WASHINGTON (Reuters) -The U.S. Supreme Court heard arguments on Tuesday in a bid by two American gun companies to throw out the Mexican government's lawsuit accusing them of aiding illegal firearms trafficking to drug cartels and fueling gun violence in the southern neighbor of the United States.
U.S. firearms maker Smith & Wesson and distributor Interstate Arms have appealed a lower court's ruling that the lawsuit could proceed on the grounds that Mexico has plausibly alleged that the companies aided and abetted illegal gun sales, harming the Mexican government. The arguments were ongoing.
The case comes before the Supreme Court at a fraught time for U.S.-Mexican relations as President Donald Trump pursues tariffs on Mexican goods and accuses Mexico of doing too little to stop the flow of synthetic drugs such as fentanyl and migrant arrivals at the border.
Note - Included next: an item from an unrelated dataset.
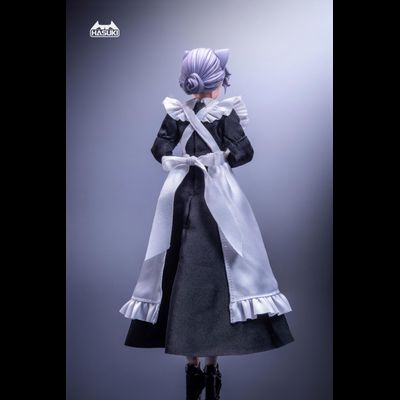 ПРЕДЗАКАЗ - Девочка-мушкетер - Коллекционная фигурка 1/12 SCALE Musketeer FKey (PA010) - HASUKI ?ЦЕНА: 10700 РУБ.?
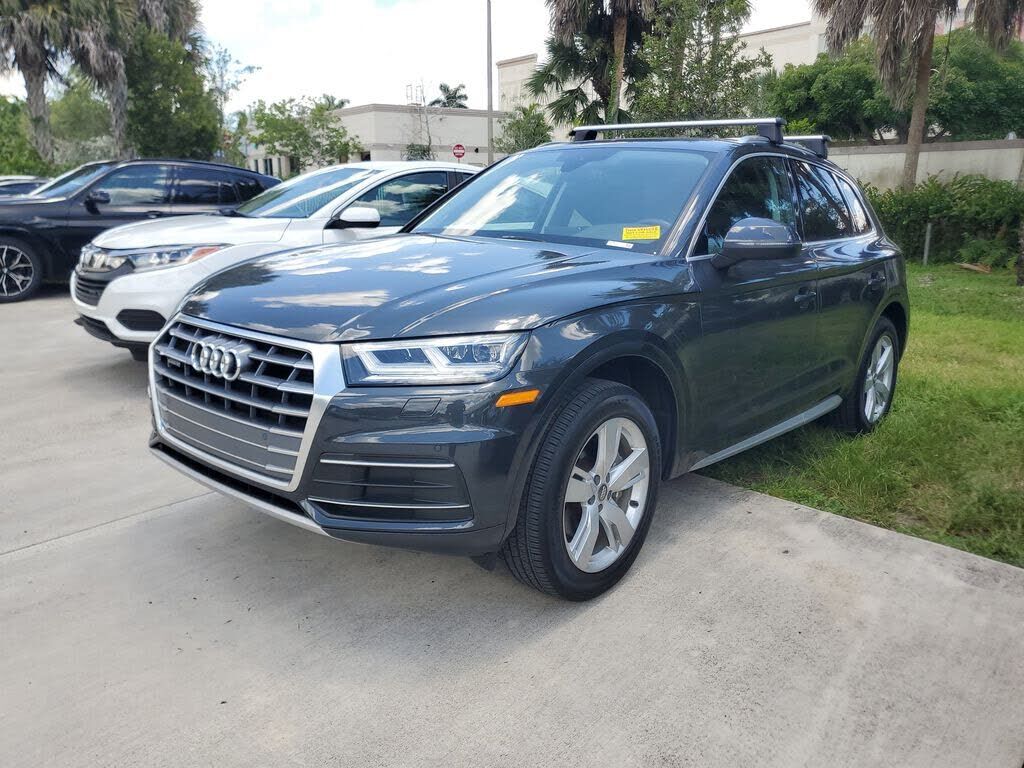 2019 AUDI Q5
At issue is whether Mexico's suit should be dismissed under a 2005 federal law called the Protection of Lawful Commerce in Arms Act that broadly shields gun companies from liability for crimes committed with their products - or whether the alleged conduct of the companies falls outside these protections, as the lower court found.
Mexico's lawsuit, filed in Boston in 2021, accused the gun companies of violating various U.S. and Mexican laws. Mexico claims that the companies have deliberately maintained a distribution system that included firearms dealers who knowingly sell weapons to third-party, or "straw," purchasers who then traffic guns to cartels in Mexico.
The suit also accuses the companies of unlawfully designing and marketing their guns as military-grade weapons to drive up demand among the cartels, including by associating their products with the American military and law enforcement.
The gun companies have argued that they have done nothing more than make and sell lawful products.
"If Mexico is right, then every law enforcement organization in America has missed the largest criminal conspiracy in history operating right under their nose, and (beer maker) Budweiser is liable for every accident caused by underage drinkers since it knows that teenagers will buy beer, drive drunk and crash," Noel Francisco, the lawyer arguing for the gun companies, told the justices.
'THE BEGINNING OF THE BEGINNING'
The task before the Supreme Court is merely to decide whether the case can proceed, Catherine Stetson, the lawyer arguing for Mexico, told the justices.
"We are at the beginning of the beginning of this case. This court need not vouch for Mexico's allegations, but it must assume they are true," Stetson said. "Mexico should be given a chance to prove its case."
Francisco cited a legal principle called proximate cause involving when an action brings about a legal injury, and argued that the gun companies were not the proximate cause of the harms claimed by Mexico.
In its lawsuit, Mexico must show that the gun companies were the proximate cause of their harms, in addition to showing that the companies aided and abetted illegal gun sales and marketing, to sidestep the 2005 law's general bar on suits against American gun companies for the criminal misuse of their products.
Liberal Justice Sonia Sotomayor seemed sympathetic to Mexico's theory of the role played by the gun companies in causing the legal injury to Mexico's government.
"We know that a straw seller is going to sell to someone who is going to use the gun illegally, because if they weren't they wouldn't use the straw purchaser - and that illegal conduct is going to cause harm, and harm like this that the gun is going to be used in some way to injure people, correct?" Sotomayor asked Stetson.
Mexico is seeking monetary damages of an unspecified amount and a court order requiring Smith & Wesson and Interstate Arms to take steps to "abate and remedy the public nuisance they have created in Mexico."
Most of the 180,000 homicides involving guns in Mexico, a country with strict firearms laws, from 2007 to 2019 were committed with weapons trafficked from the United States, according to court papers.
Guns trafficked from the United States to Mexico - counting those made by the defendants and other companies - are valued at more than $250 million annually, according to court papers.
The lawsuit details that the accused companies "deliberately supply the illegal Mexican market by selling guns through the small number of dealers that they know sell a large number of crime guns and who repeatedly sell in bulk to the cartel traffickers," Stetson told the justices.
According to the lawsuit, gun violence fueled by trafficked American-made firearms has contributed to a decline in business investment and economic activity in Mexico, and forced its government to incur unusually high costs on services including healthcare, law enforcement and the military.
U.S. District Judge Dennis Saylor in Boston sided with the gun companies in 2022 and threw out the case. The Boston-based 1st U.S. Circuit Court of Appeals reversed Saylor's decision in January 2024 and ruled that the suit could proceed.
A ruling in the case is expected by the end of June.